Come si guida sotto la pioggia? Usate se possibile un sistema di guida morbida, con frenate e accelerazioni dolci e progressive e tenete ben saldo il volante (con entrambe le mani) se dovessero arrivare forti raffiche di vento.

Per quanto riguarda le operazioni preliminari, i tergicristalli devono essere sempre puliti ed efficienti e va controllata la pressione degli pneumatici. In caso di appannamento del parabrezza e dei vetri laterali azionate la ventola dell’aria e l’aria condizionata nell’apposita funzione antiappannamento. Tenete sempre le luci accese e in caso di rallentamento attivate le quattro luci intermittenti.

Ricordatevi infine sia il giubbotto retroriflettente (state pronti ad indossarlo se dovete scendere dal veicolo) che il triangolo segnaletico, entrambi obbligatori per legge.

 

… con la neve

In condizioni di neve gli spazi di frenata aumentano ancora di più, quindi aumentate anche voi la distanza di sicurezza dai veicoli che vi stanno davanti. Usate sempre un rapporto più alto del cambio per evitare lo slittamento delle ruote, accelerate molto progressivamente e anticipate sempre le frenate.

Procuratevi anche il giusto equipaggiamento, con antigelo da mettere sia nel liquido per pulire il parabrezza che nel serbatoio. Se fate il pieno in montagna, i distributori sono già equipaggiati con additivo antigelo nel carburante.

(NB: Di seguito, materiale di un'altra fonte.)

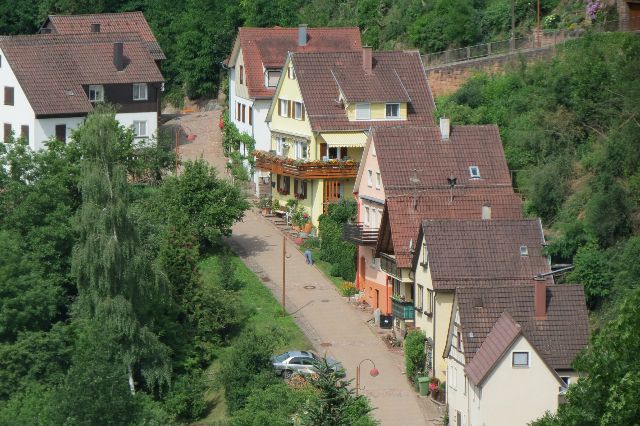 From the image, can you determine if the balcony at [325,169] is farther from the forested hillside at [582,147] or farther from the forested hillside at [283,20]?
the forested hillside at [283,20]

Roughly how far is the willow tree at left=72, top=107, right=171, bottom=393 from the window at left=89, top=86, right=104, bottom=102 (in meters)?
23.5

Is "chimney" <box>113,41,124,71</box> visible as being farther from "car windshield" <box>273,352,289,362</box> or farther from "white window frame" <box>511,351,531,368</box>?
"white window frame" <box>511,351,531,368</box>

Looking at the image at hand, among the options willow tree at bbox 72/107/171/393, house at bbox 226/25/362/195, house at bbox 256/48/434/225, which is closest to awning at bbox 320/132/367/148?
house at bbox 256/48/434/225

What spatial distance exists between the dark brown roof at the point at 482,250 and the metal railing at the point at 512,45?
20712 mm

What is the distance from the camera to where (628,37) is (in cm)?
7962

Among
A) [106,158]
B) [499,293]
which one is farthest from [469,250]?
[106,158]

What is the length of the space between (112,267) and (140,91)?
2719cm

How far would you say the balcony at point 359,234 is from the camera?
74438 mm

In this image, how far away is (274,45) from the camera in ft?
310

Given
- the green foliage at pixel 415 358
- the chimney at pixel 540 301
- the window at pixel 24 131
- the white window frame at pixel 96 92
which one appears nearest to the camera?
the chimney at pixel 540 301

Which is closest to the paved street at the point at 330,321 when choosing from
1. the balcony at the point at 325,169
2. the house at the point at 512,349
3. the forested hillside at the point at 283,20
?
the house at the point at 512,349

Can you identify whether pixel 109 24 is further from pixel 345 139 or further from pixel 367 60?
pixel 345 139

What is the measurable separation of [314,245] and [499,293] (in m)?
19.0

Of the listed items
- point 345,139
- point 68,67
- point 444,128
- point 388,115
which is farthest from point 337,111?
point 68,67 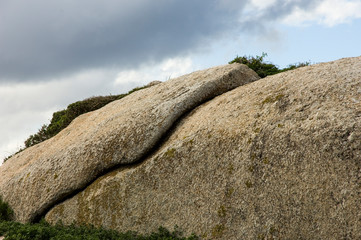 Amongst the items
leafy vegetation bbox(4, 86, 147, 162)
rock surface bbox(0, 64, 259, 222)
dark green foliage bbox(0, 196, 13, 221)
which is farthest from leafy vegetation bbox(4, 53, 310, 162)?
dark green foliage bbox(0, 196, 13, 221)

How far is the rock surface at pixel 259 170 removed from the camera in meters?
8.69

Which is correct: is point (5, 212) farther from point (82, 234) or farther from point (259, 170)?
point (259, 170)

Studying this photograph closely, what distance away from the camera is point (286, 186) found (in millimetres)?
9320

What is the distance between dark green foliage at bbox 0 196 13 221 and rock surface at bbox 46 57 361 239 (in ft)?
16.6

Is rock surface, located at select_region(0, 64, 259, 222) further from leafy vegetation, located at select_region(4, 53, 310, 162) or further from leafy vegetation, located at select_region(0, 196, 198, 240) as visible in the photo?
leafy vegetation, located at select_region(4, 53, 310, 162)

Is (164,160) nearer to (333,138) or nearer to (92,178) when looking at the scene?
(92,178)

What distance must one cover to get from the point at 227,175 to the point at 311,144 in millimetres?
2523

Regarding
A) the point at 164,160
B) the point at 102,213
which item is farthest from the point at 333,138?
the point at 102,213

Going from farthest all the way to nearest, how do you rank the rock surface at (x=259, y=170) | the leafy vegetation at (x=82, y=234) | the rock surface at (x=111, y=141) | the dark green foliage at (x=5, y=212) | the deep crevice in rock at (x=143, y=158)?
1. the dark green foliage at (x=5, y=212)
2. the rock surface at (x=111, y=141)
3. the deep crevice in rock at (x=143, y=158)
4. the leafy vegetation at (x=82, y=234)
5. the rock surface at (x=259, y=170)

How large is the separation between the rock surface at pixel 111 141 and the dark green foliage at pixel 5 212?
0.82ft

Vi siete ricordati delle gomme invernali? L’obbligo di montarle scatta dal 15 novembre di ogni anno, ma se viaggiate in montagna ci sono delle deroghe che anticipano tale periodo. Informatevi prima per evitare di incorrere in sanzioni.

 

…e in presenza di nebbia

Con la nebbia la visibilità è ridotta e bisogna mettersi nelle condizioni di poter percepire per tempo la presenza di un ostacolo. Per questo motivo andate piano e mantenete una distanza più ampia dai veicoli che vi precedono (anche perché questi ultimi potrebbero a loro volta frenare all’improvviso).

Viaggiate in autostrada? Allora sappiate che in caso di nebbia con visibilità inferiore a 100 metri il limite di velocità è di 50 km/h. Inoltre, sui tratti più soggetti al rischio nebbia troverete dei cartelli che vi segnalano la velocità da non superare in base alla percezione di visibilità di alcuni indicatori dipinti sull’asfalto.

Per quanto riguarda i fari accendete gli anabbaglianti ma non gli abbaglianti, poiché questi ultimi si riflettono nella nebbia riducendo la visibilità e abbagliano i veicoli provenienti dalla direzione opposta. E i fendinebbia? Spesso gli automobilisti tendono ad accenderli non appena intravedono un po’ di foschia, ma il loro fascio di luce è molto forte e può rappresentare un pericolo per gli altri veicoli, per cui non accendeteli finché la visibilità non è scesa sotto i 100 metri e spegneteli non appena la nebbia si è alzata.

Prima di partire controllate tutte le luci e durante il viaggio evitate la formazione di condensa nell’abitacolo (specialmente sui vetri) accendendo l’aria condizionata calda sul parabrezza e sul lunotto posteriore in modo da disappannare i vetri. Se necessario abbassate anche i finestrini.